-- Action item --
Report back every line below that carries the word "with".

··· Supplied records ···

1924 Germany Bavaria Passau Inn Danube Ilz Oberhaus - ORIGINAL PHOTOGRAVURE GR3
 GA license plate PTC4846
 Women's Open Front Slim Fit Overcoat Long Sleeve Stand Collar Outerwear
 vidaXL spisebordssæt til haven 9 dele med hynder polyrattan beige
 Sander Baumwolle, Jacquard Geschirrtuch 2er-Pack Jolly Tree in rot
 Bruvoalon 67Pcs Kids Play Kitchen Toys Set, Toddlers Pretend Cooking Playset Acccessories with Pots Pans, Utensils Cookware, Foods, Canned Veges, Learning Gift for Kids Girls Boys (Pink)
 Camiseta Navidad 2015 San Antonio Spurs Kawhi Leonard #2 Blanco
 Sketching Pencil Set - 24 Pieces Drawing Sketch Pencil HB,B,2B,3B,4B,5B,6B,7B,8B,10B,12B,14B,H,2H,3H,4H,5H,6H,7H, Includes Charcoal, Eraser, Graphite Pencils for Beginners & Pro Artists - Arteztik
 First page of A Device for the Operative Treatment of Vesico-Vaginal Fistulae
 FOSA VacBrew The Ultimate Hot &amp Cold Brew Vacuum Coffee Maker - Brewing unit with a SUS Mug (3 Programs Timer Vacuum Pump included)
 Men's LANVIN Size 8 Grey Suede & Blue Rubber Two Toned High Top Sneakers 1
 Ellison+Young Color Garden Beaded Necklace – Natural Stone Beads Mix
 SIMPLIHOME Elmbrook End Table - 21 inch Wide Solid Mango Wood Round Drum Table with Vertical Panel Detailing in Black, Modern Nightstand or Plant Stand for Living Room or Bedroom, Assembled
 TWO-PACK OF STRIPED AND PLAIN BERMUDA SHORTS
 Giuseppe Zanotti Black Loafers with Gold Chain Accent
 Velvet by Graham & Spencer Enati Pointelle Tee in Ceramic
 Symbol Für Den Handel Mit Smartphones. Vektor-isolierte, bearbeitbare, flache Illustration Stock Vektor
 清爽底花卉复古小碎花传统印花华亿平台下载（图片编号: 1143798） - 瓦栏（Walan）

···

-- Task response --
 Bruvoalon 67Pcs Kids Play Kitchen Toys Set, Toddlers Pretend Cooking Playset Acccessories with Pots Pans, Utensils Cookware, Foods, Canned Veges, Learning Gift for Kids Girls Boys (Pink)
 FOSA VacBrew The Ultimate Hot &amp Cold Brew Vacuum Coffee Maker - Brewing unit with a SUS Mug (3 Programs Timer Vacuum Pump included)
 SIMPLIHOME Elmbrook End Table - 21 inch Wide Solid Mango Wood Round Drum Table with Vertical Panel Detailing in Black, Modern Nightstand or Plant Stand for Living Room or Bedroom, Assembled
 Giuseppe Zanotti Black Loafers with Gold Chain Accent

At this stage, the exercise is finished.